Seems like a difficult choice to have to make. What of it?

Photo By Gaius Valerius Flaccus @ Flickr

3 Comments

  1. rose

    Yes interesting question and … I think good answer. When we are deeply sad maybe because we lost somebody or fear forsomebody … we usually are like ice .. not notice anything around and we feel again when tears flow … When something happened, hurt our soul and prisons our soul in … when we start to write … all this pain will flow out of us … on the paper … some write .. some paint … some do art. I believe that when we write … we are able to manage we are on the way to get over these things they prisoned our soul.

  2. Lily; First off let me tell you that I love the name Lily, Lilly, Lillian et al. I was fortunate enough to be able to quietly bond with a grandaughter named Lilly who was still born. My wife an I were allowed to hold her for a few moments before she was laid to rest. With that said, I write not to liberate myself from dark or guilty feelings but to attempt to tell my readers of the joy I experienced in living the story.
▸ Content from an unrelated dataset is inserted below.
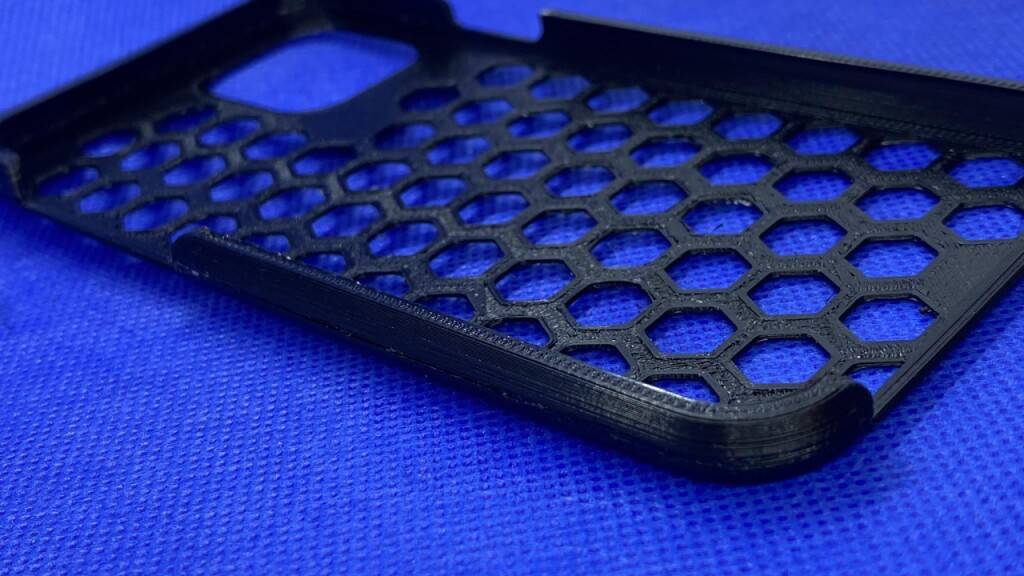 Mit einer neuen Methode können Forschende Plastik aus Maiskolben herstellen. In einem ersten Versuch entstand mit dem neuen Prozess eine Handyhülle.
I write lots of short, telling stories about my life for Moments Count Journal and in doing so I attempt to stay within the bounds of honesty and accuracy, however, memory can be a heavy partner when writing about an event that happened sixty or seventy years prior. I’m sure that if all of my writings were examined under the microscope of honesty and accuracy I could be held accountable for some mistakes. But they would be honest mistakes.

    In writing fiction I find that I am free to express myself (as an author) in many ways I could not as a husband, partner, friend or lover in real life. Part of that freedom comes, I think, from the pure joy of creating a fictional situation and knowing that you hold the outcome in your hands. My style of writing makes sense to me. I hope it makes sense to those who read it. JWSIII

  3. Donna Morask

    Interesting question… holding on to a potentially richer experience, by not sharing what you’ve been through with anyone?
    I have never considered this before. I have held back out of fear; fear of reliving the event and all that could go with that. I have held back from shame, afraid that others reading may think, ‘I should have known better’. I have kept it contained within because I just couldn’t articulate what I was feeling, or because it was just too raw.

    With that said, I don’t know that an experience is potentially richer because I didn’t share it??????